It has been eight weeks since I last spoke to you. It has been 10 weeks since I’ve last seen you.Your face is blurry in my mind. I like it that way. I don’t want that smile and those dimples of yours to have a hold over me ever again.
Will they, though? Have a hold over me ever again? Because after two months I’ve finally realized that I am not the person I was before you ended our relationship. You left me crippled and broken and I decided that I wasn’t going to be that person so I have changed. I am not the same person anymore.
I have had the best last few days in a very long time. I’ve been laughing and enjoying life more than I ever did when we were together or even before that. I’m a different person. I have a different outlook on life and love and friendship and I react to stimuli differently and I approach things in a way that I did not before. Not to say I wasn’t happy with you, I know I was. But it was a different happy. This happy is…new and exciting. It’s independent of anything other than my own decision to be happy with who I am and where I am going in life. And that is so unbelievably liberating. To finally allow myself to be the one to make me smile and laugh and giggle. I’m falling in love with myself. It’s something I’ve never done before.

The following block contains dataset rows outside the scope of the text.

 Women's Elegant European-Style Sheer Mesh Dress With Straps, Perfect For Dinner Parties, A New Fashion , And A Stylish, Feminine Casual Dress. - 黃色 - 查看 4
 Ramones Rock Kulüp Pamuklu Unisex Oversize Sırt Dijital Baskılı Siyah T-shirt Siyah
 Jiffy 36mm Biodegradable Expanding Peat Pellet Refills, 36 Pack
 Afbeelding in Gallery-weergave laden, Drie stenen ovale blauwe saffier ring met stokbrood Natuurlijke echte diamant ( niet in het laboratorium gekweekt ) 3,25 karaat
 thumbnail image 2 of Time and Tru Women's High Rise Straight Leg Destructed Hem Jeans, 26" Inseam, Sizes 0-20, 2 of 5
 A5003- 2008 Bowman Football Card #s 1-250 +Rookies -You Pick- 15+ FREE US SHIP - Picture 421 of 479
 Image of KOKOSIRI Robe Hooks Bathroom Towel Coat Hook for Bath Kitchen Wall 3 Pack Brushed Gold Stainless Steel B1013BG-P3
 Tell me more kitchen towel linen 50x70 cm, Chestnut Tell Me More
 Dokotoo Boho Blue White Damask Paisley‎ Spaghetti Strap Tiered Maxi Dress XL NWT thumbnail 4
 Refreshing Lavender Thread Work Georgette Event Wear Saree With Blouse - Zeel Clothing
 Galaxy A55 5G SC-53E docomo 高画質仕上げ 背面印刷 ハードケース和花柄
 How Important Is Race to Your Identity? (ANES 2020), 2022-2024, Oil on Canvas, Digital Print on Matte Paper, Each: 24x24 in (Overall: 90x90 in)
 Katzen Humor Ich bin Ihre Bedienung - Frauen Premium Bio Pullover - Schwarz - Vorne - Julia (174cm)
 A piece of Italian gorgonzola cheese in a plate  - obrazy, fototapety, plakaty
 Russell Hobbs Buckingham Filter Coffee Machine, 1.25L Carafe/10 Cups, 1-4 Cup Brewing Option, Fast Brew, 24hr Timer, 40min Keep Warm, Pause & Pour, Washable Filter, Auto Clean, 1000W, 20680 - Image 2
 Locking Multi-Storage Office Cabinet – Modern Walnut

I am enjoying life on my own terms. I am not allowing a boy to dictate how I feel. I am not allowing thoughts of you to completely ruin my demeanor and emotions. I believe that we do not have any control of the situations we are put in throughout our lives. I believe that things happen and things change and that is something we cannot control. What we can control, however, is how we feel and react to these bumps and changes. I am taking control of my emotional well-being and making sure I heal in the best way possible.
I still miss you at times. The old you, of course. I don’t really know who you are now. I’m sure you’ve changed. I mean you changed 12 hours after you told me you loved me and you couldn’t wait to see me in a week, so two months must have really had an effect on you.
Or maybe it didn’t. I don’t know. I don’t know where you are or who you are or what you do for fun or who your friends are. And I’m okay with that. I am finally okay with that.
This new me isn’t as soft and frail as she was before. She’s stronger and can hold herself better than before. She won’t allow herself to be riled up by people who have hurt and abused her. She will not let herself be tortured by “what ifs” and “what could have been.”
I’m new. I’m different. I’ve improved. I will change significantly more over the next few months. And I can’t wait because I’m loving who I am becoming.
So thank you for breaking me. Thank you for letting me go. Because this new version of me is better than before. And you will never have her.